- _What this task involves_
Leave out the pictures and output exactly the lines below from the one with "In this video, you" down to the one with "Good morning. You", both of them included.

[Data for this exercise — start]

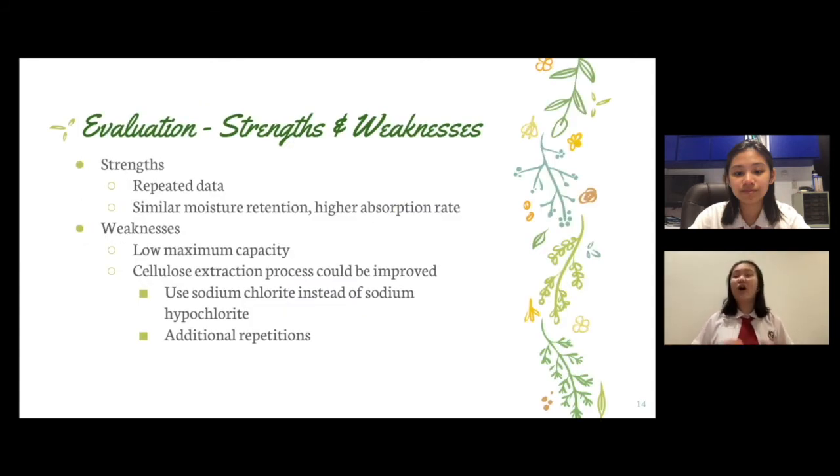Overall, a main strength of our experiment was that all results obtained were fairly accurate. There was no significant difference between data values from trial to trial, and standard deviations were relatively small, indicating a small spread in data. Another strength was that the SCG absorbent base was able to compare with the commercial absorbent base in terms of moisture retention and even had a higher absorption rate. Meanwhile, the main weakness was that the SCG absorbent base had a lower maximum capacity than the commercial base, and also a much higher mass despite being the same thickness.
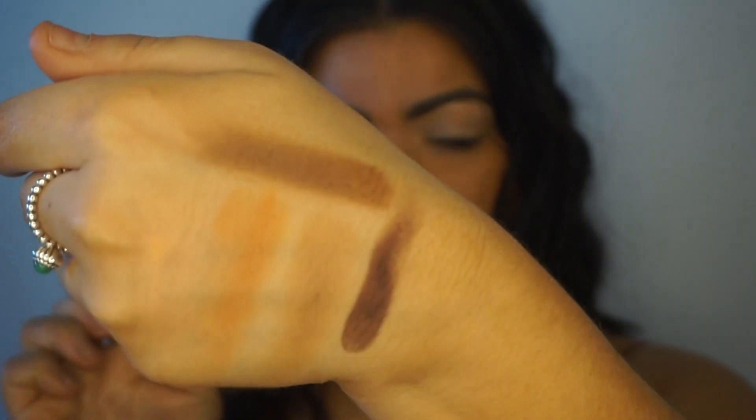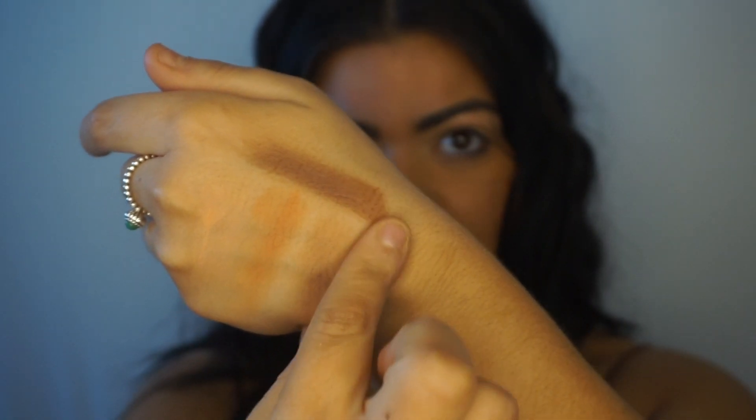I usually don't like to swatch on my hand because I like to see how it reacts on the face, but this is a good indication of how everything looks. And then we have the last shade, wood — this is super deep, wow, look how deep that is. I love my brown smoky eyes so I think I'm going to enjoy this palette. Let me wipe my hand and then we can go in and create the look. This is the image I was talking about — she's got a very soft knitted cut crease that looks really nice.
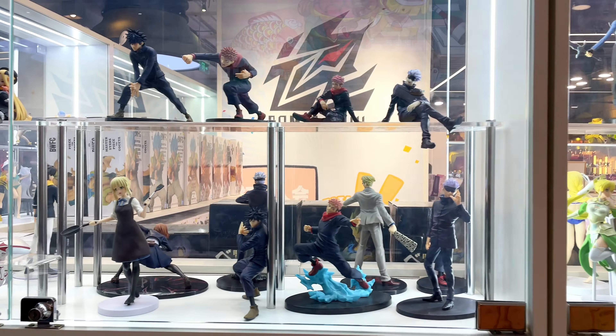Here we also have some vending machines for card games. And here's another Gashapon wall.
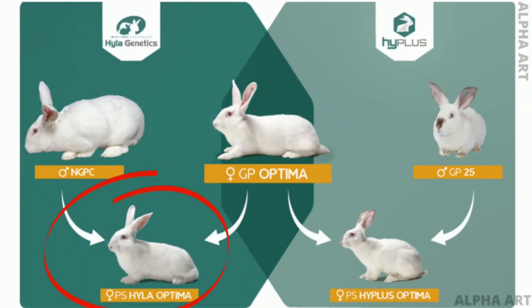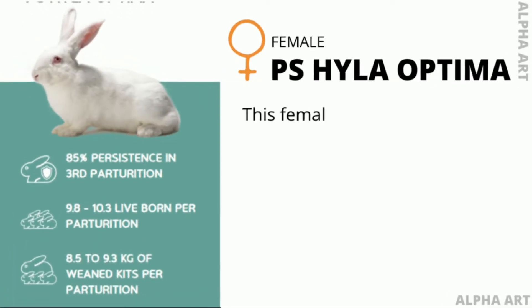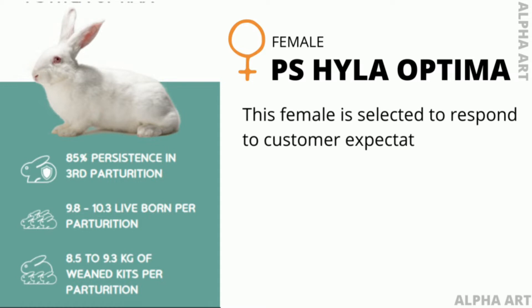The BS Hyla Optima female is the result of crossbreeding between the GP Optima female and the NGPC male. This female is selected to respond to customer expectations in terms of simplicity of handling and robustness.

[Data for this exercise — finish]
[Data for this exercise — start]

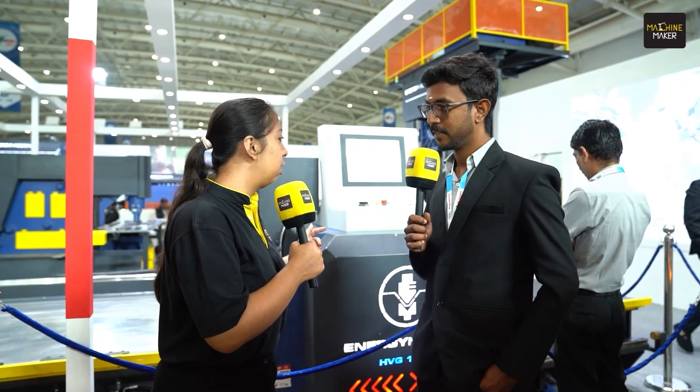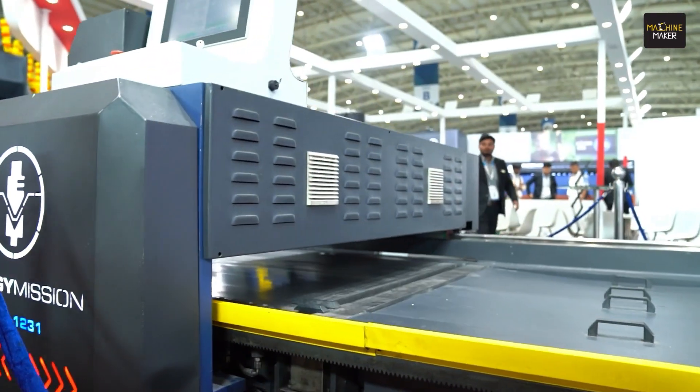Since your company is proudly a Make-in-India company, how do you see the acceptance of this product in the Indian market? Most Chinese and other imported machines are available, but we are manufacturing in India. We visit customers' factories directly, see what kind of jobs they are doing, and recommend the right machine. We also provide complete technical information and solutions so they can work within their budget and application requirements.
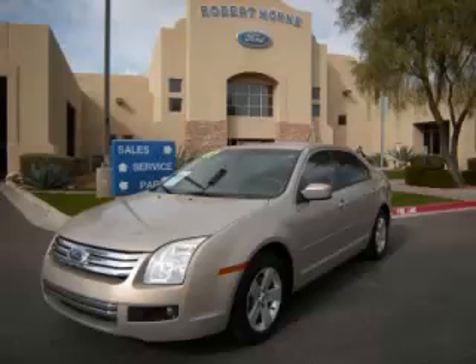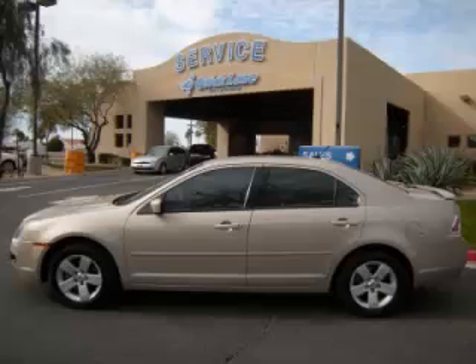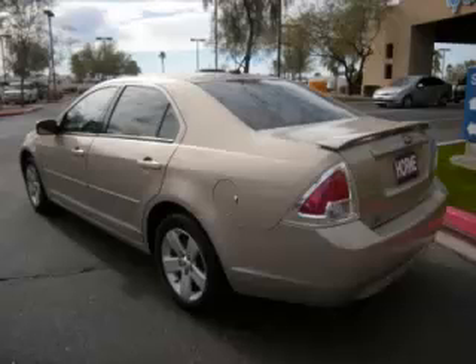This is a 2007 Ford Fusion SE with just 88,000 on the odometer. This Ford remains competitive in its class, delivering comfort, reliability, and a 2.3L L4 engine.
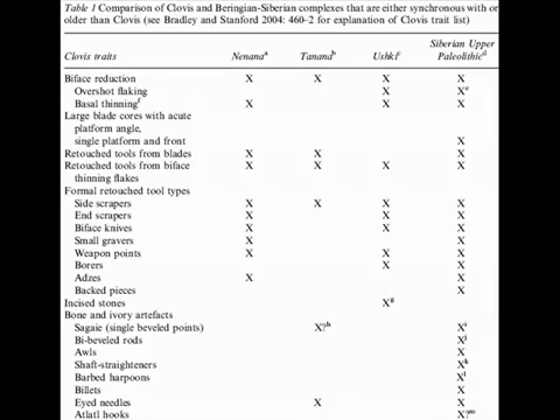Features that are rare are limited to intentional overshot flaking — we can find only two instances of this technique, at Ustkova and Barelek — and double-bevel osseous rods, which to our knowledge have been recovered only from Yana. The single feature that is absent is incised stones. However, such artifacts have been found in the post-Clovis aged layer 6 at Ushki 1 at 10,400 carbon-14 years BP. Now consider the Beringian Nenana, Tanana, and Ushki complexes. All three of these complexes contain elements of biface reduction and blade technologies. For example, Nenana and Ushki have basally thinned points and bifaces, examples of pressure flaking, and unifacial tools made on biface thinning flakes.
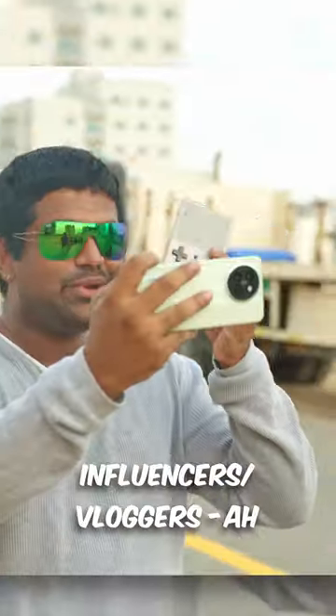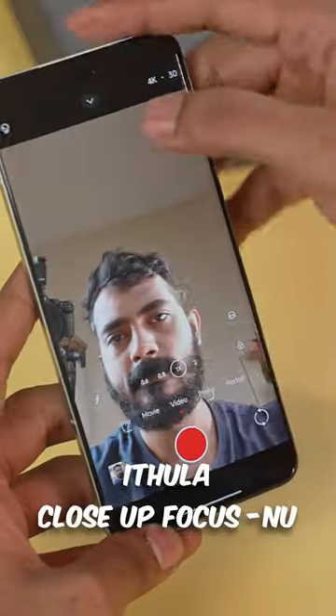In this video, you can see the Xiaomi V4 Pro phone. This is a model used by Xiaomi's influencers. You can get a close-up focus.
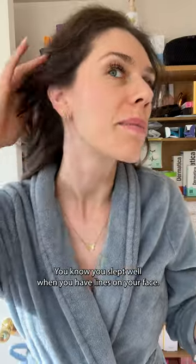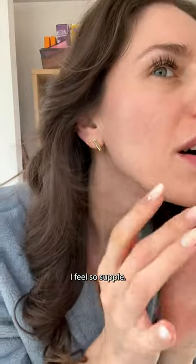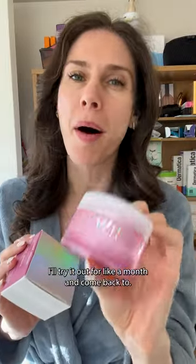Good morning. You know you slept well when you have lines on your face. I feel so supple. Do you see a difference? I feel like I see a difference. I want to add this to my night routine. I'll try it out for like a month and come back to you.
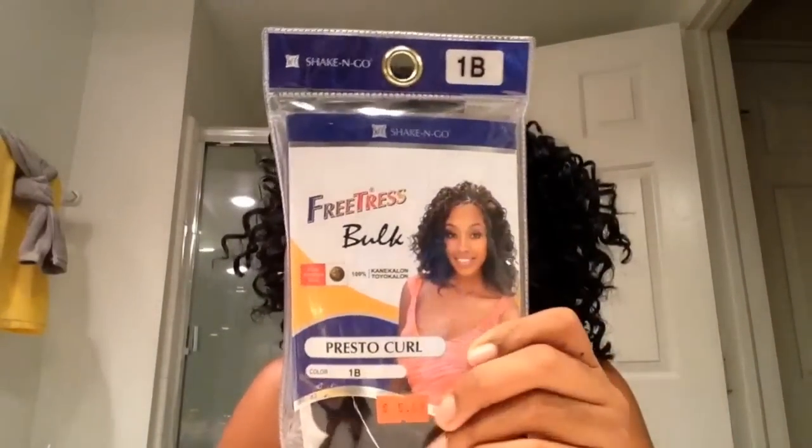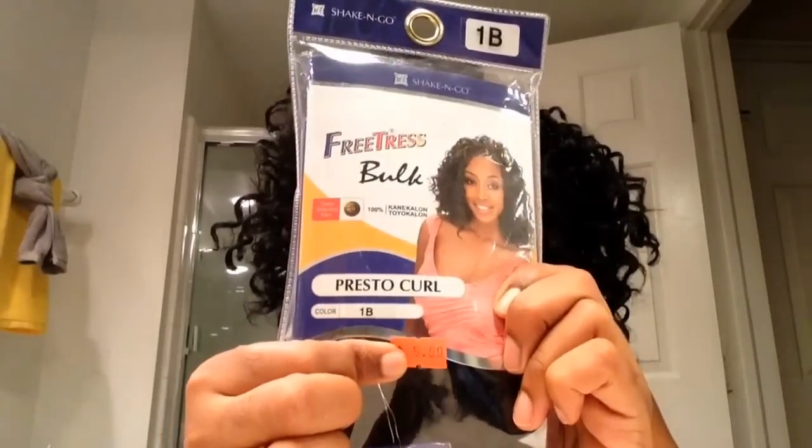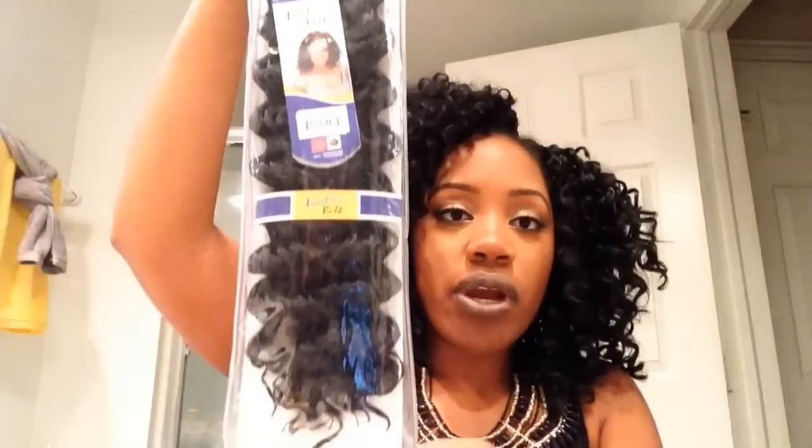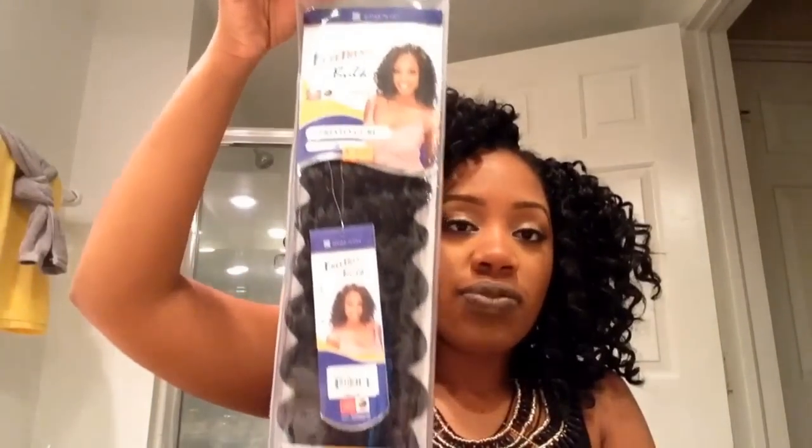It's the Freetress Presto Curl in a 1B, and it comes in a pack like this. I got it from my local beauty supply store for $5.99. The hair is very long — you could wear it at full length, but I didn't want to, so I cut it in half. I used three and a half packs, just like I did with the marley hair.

[Data for this exercise — finish]
[Data for this exercise — start]

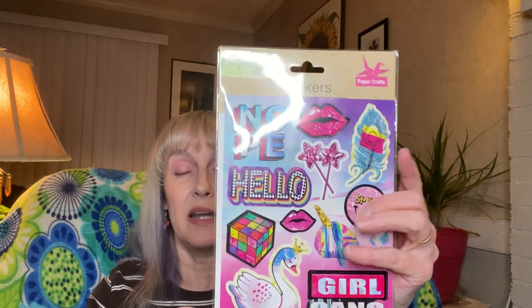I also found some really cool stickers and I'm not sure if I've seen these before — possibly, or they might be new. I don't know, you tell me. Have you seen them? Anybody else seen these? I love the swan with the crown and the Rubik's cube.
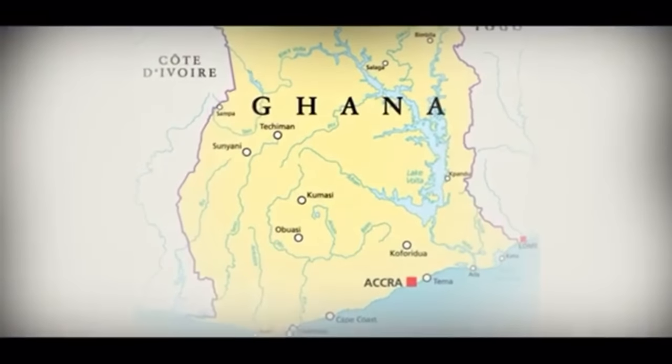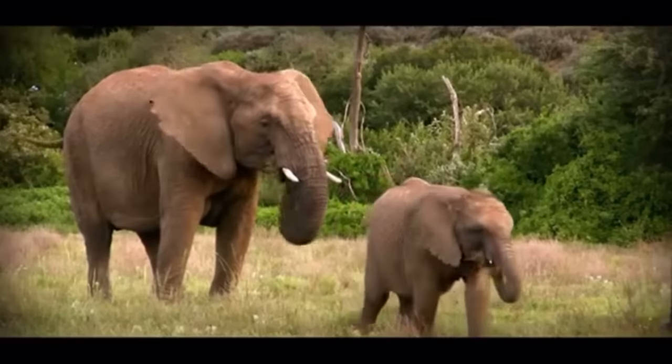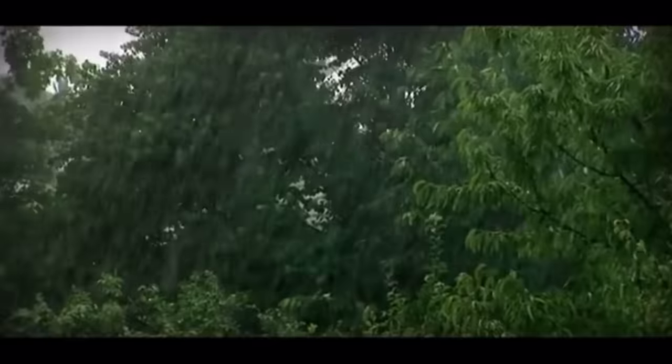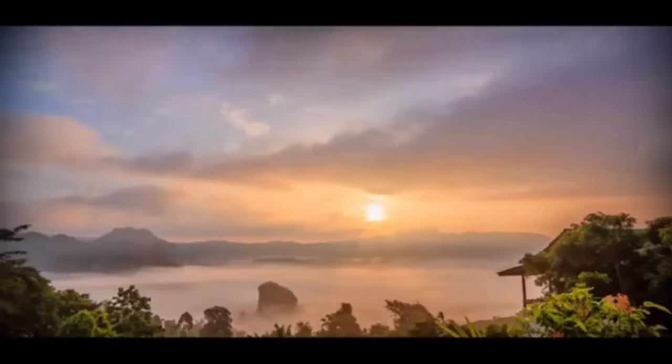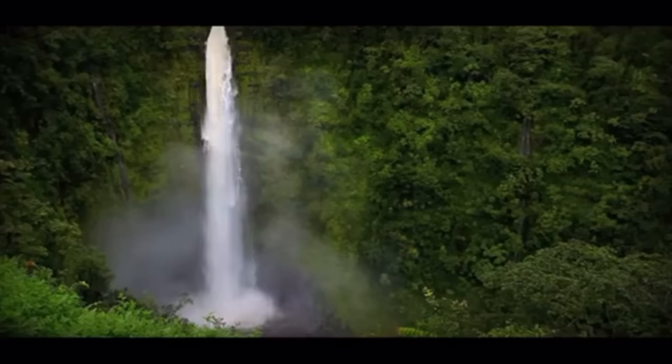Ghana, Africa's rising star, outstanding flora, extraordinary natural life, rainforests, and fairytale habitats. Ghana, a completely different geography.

[Data for this exercise — finish]

- _Response_
In this video, you can see the Xiaomi V4 Pro phone. This is a model used by Xiaomi's influencers. You can get a close-up focus.
Good morning. You know you slept well when you have lines on your face. I feel so supple. Do you see a difference? I feel like I see a difference. I want to add this to my night routine. I'll try it out for like a month and come back to you.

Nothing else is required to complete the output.